Broc Romanek reports:
Here's news from Steven Haas of Hunton & Williams ...: In recent days, shareholders have filed several class action complaints in Delaware .... The litigation will require Delaware courts to review a bylaw that would increase Delaware's market share of corporate litigation. A ruling upholding these bylaws would likely cause numerous other corporations to adopt them.
An exclusive forum provision typically provides as follows:
Unless the Corporation consents in writing to the selection of an alternative forum, the Court of Chancery of the State of Delaware shall be the sole and exclusive forum for (i) any derivative action or proceeding brought on behalf of the Corporation, (ii) any action asserting a claim of breach of a fiduciary duty owed by any director, officer or other employee of the Corporation to the Corporation or the Corporation's stockholders, (iii) any action asserting a claim arising pursuant to any provision of the Delaware General Corporation Law, or (iv) any action asserting a claim governed by the internal affairs doctrine. Any person or entity purchasing or otherwise acquiring any interest in shares of capital stock of the Corporation shall be deemed to have notice of and consented to the provisions of this Article __.
These provisions gained traction, particularly for IPO companies, ever since Vice Chancellor Laster suggested in a 2010 opinion that they would be enforceable (see In re Revlon S'holders Litig., 990 A.2d 940 (Del. Ch. 2010)). Claudia Allen of Neal Gerber recently updated her study detailing that, as of December 31st, 195 Delaware corporations have adopted or proposed exclusive forum charter or bylaw provisions. Although a California court refused to enforce Oracle's exclusive forum bylaw last year, this is the first time the issue has been squarely presented to the Delaware courts. Steven Davidoff (aka The Deal Professor) previously offered his thoughts on the issue.
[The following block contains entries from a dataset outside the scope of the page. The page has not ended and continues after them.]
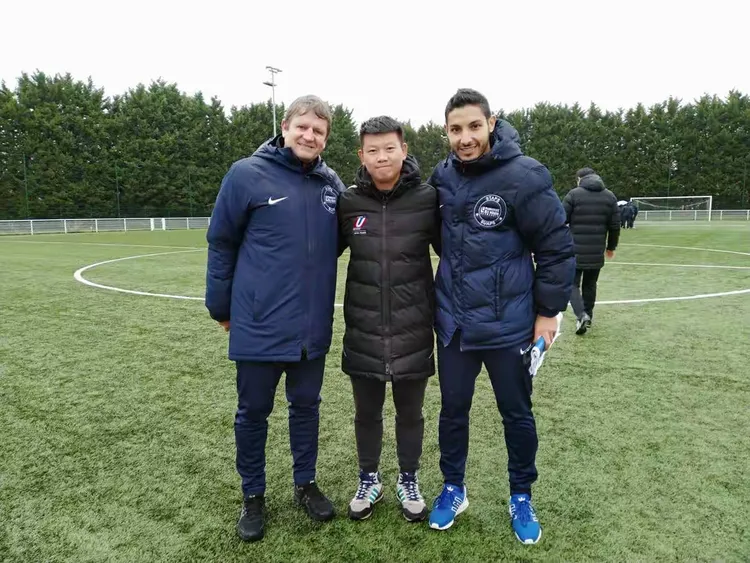 包含鲁昂足球俱乐部的新教练展现出色的词条 包含鲁昂足球俱乐部的新教练展现出色的词条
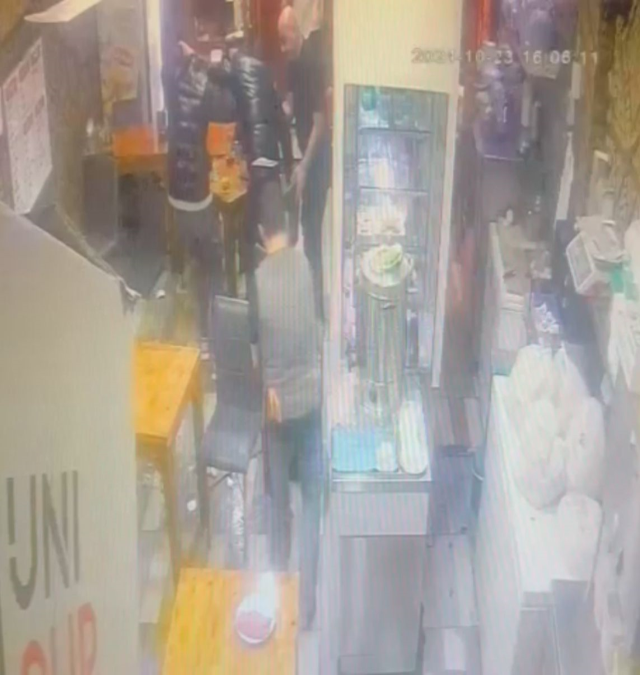 İstanbul'da bir garip olay: Çorbacıda kendini vurdu, işletmeci kameranın fişini çekti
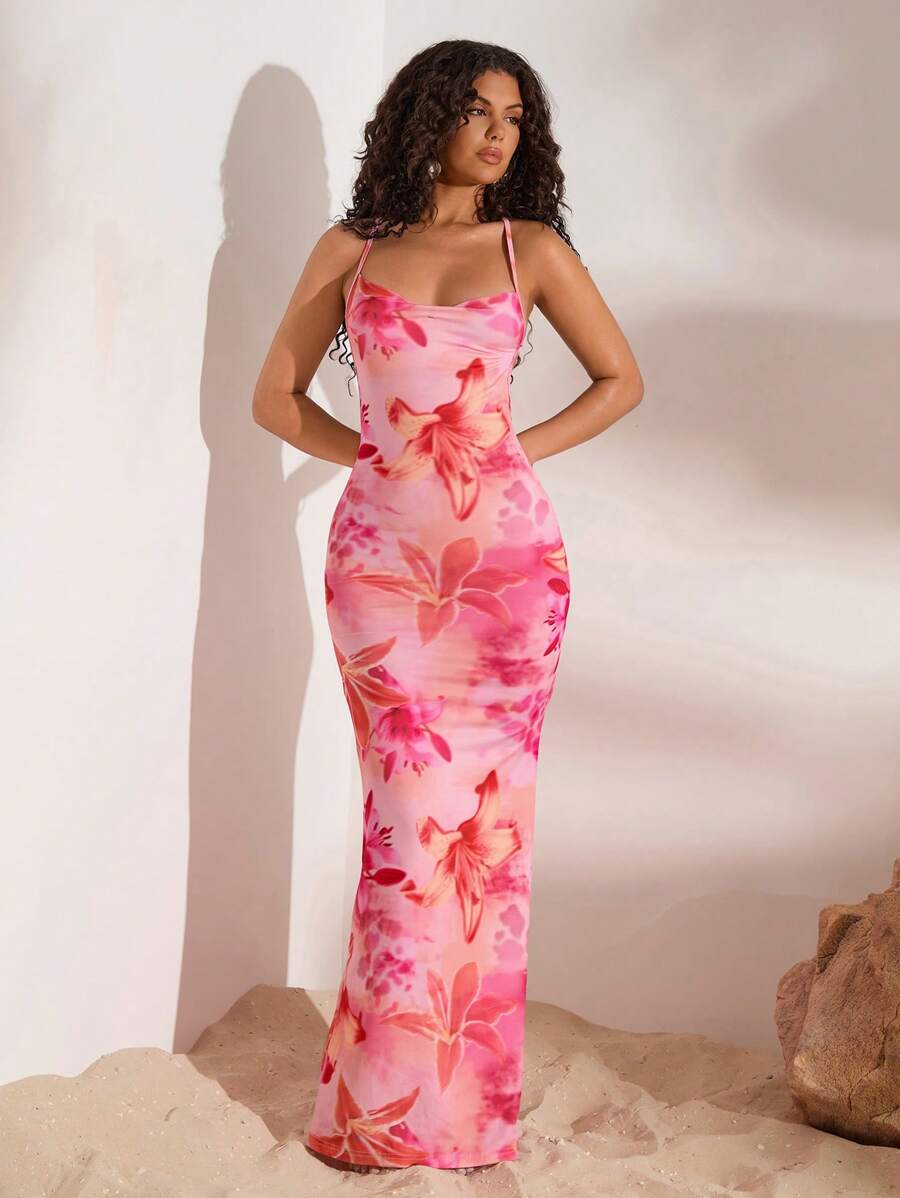 Opulessa – Robe longue en maille à décolleté drapé et dos nu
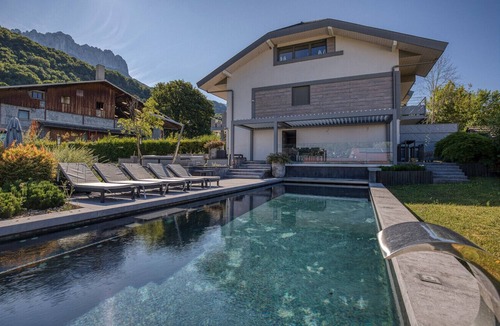 Menthon-Saint-Bernard Villa | The Castle Treasure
Friend of PB.com Francis Pileggi also reports on the issue, explaining that:
These new suits challenge bylaws in several companies that require shareholder suits to be filed exclusively in the Delaware Court of Chancery. If suits are filed elsewhere, the company threatens to sue those shareholders to recoup fees for breach of the bylaw provision. The challenge is based on the alleged violation of due process rights because there was no mutual consent by the shareholders. The suits were filed by the highly-regarded corporate litigator Michael Hanrahan of the Prickett Jones firm in Wilmington. Among the companies sued by shareholders challenging the exclusive forum bylaw provision, in separate lawsuits, are the following Delaware corporations: Navistar International Corp., AutoNation, Inc. Chevron Corp., SPX Corp., Superior Energy Services, Inc., Franklin Resources, Inc., Curtiss-Wright Corp., Danaher Corp., and Solutia Inc.
Thomson Reuter’s Alison Frankel wrote an excellent article about these cases that provides a very helpful overview and also has a link to the actual complaints.
He includes links to many additional analyses of the issues.
Personally, I think these provisions should be upheld. Contracts routinely include exclusive jurisdicton provisions and they are routinely enforced. The corporation's organic documents (i.e., the articles of incorporation and bylaws) represent a contract between the corporation and its shareholders. Hence, like any other contract, an exclusive jurisdiction provision in those documents should be enforced by the courts.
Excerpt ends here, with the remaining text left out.